Different transcriptome profiles between human retinoblastoma Y79 cells and an etoposide-resistant subline reveal a chemoresistance mechanism

Retinoblastoma (RB) is the most frequent pediatric retinal tumor. In the present study, to elucidate chemoresistance mechanisms and identify potential biomarkers in RB, we utilized RNA sequencing (RNAseq) technological platforms to reveal transcriptome profiles and identify any differentially expressed genes (DEGs) between an etoposide drug-resistant subline (Y79/EDR) and parental Y79 cells.
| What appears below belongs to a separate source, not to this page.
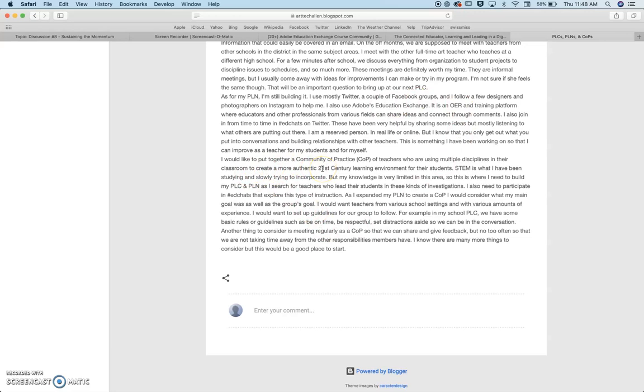As far as my community of practice goes, I am interested in studying and applying how to incorporate other disciplines.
Our initial findings provided a genomic view of the transcription profiles of etoposide-induced acquired resistance in RB. Follow-up studies indicated that ARHGAP9 might be a chemoresistance biomarker in RB, providing insight into potential therapeutic targets for overcoming acquired chemoresistance in RB. These findings can aid in understanding and overcoming chemoresistance during treatment of RB in the clinic.

To test whether Y79/EDR cells showed resistance to antineoplastic agents for RB, we treated the cells with etoposide, carboplatin and vincristine and analyzed them with a Cell Counting Kit-8 (CCK-8). Y79/EDR and parental Y79 cells were used for RNAseq and bioinformatics analysis to enable a genome-wide review of DEGs between the two lines using the DESeq R package (1.10.1). Then, DEG enrichment in Kyoto Encyclopedia of Genes and Genomes (KEGG) pathways was analyzed with KOBAS software. Next, real-time quantitative reverse transcription polymerase chain reaction (real time QRT-PCR) and cytotoxicity assays were performed to experimentally and functionally validate the identified candidate biomarkers.
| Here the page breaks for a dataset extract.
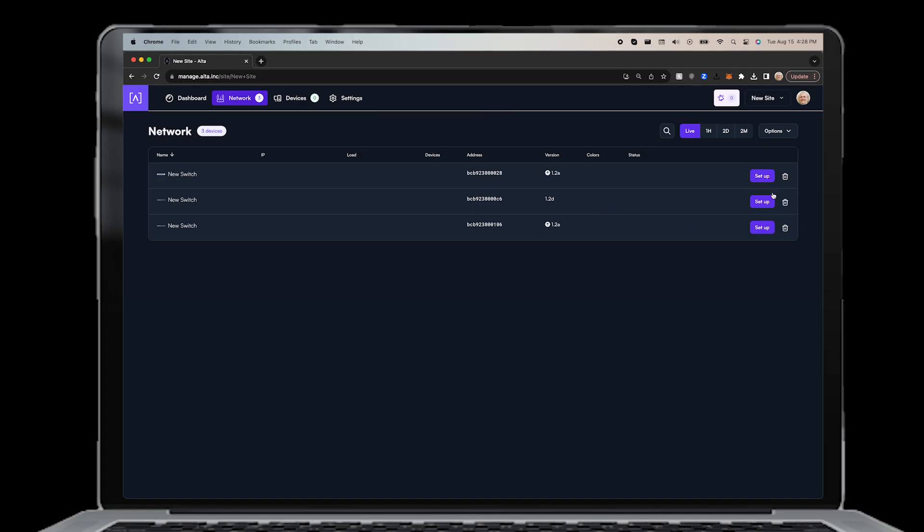Once your switch has been connected to the internet, it is ready to be set up in your Alta Labs management account. To add to your site, click the setup button in the mobile app or web interface. It should take just a few seconds. When you see the status, the switch is ready to be renamed and configured.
Y79/EDR cells showed resistance to etoposide, carboplatin and vincristine at different concentrations. In total, 524 transcripts were differentially expressed in Y79/EDR cells based on analysis of fragments per kilobase of transcript per million fragments mapped (FPKM); among these, 57 genes were downregulated and 467 genes were upregulated in Y79/EDR cells compared to parental Y79 cells. We selected candidate DEGs, including ARHGAP9, HIST1H4H, RELN, DDIT4, HK2, STC1 and PFKFB4, for mRNA expression validation with real time QRT-PCR assays and found that the expression levels determined by real time QRT-PCR were consistent with the RNAseq data. Further studies involving downregulation of ARHGAP9 with a specific siRNA showed that ARHGAP9 altered the cellular sensitivity of Y79 cells to etoposide and carboplatin.